Topeka The "rubber stamp" incident continues to reverberate in the Statehouse.
Peter Brownlie, president and chief executive officer of Planned Parenthood of Kansas and Mid-Missouri, has written a letter critical of the way Kari Ann Rinker, state coordinator for the Kansas chapter of the National Organization for Women, delivered testimony last week in opposition to an abortion regulation bill.
Rinker, pulled an ink pad and rubber stamp from a paper bag, and told the House Federal and State Affairs Committee that since they had the votes to approve the bill to just go ahead and "rubber stamp" it. She also said the committee treated a Kansas NOW shabbily last year during testimony.
Several committee members criticized Rinker.
In a letter to the committee, Brownlie didn't mention Rinker by name, but said Planned Parenthood regretted testimony given that offended some on the committee. "As a trusted health care provider, Planned Parenthood's representatives always maintain a professional tone and respect for the legislative process and we hope others, regardless of their position on abortion, will do the same," Brownlie said.
In a piece Rinker wrote for Reproductive & Sexual Health Justice, she was unapologetic, saying that after years of offering testimony against numerous abortion bills approved by the Legislature, she tried a different tactic. She wrote: "So, how does a women’s reproductive rights advocate work within this establishment as it currently exists? We can stand before them, present all of the facts, try to encourage the legislative committees to consider science and not manufactured pseudo-science and withstand the barrage of ideologically driven, irrelevant line of questioning, thank them and then proceed home to lick our wounds and mourn our losses … or we can step outside of “protocol," challenge the norms and speak truth to power with every ounce of energy we have. This week, I choose the latter. I took a risk and I challenged the process itself, rather than focusing on the details of the latest and greatest legislative attack. I used a visual aid and I really, really ticked some people off."
Last year, Rinker had brought three spare tires to the Capitol in protest of comments made by state Rep. Pete DeGraaf, R-Mulvane.
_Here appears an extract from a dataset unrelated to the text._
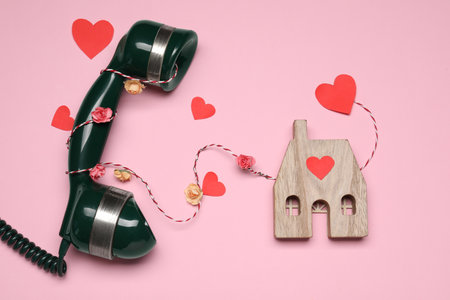Decorative cord and paper hearts between telephone receiver and wooden house model on pink background symbolizing connection in long-distance relationship, flat layの写真素材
During debate on a bill requiring women to buy additional insurance to cover abortion, state Rep. Barbara Bollier, R-Mission Hills, noted that abortions would not be covered for cases of rape and incest.
DeGraaf responded, “We do need to plan ahead, don’t we, in life?”
Bollier then asked, “And so, women need to plan ahead for issues that they have no control over with pregnancy?”
DeGraaf responded, “I have a spare tire in my car. I also have life insurance. I have a lot of things that I plan ahead for.”
Rinker said the remarks trivialized rape and were demeaning to women.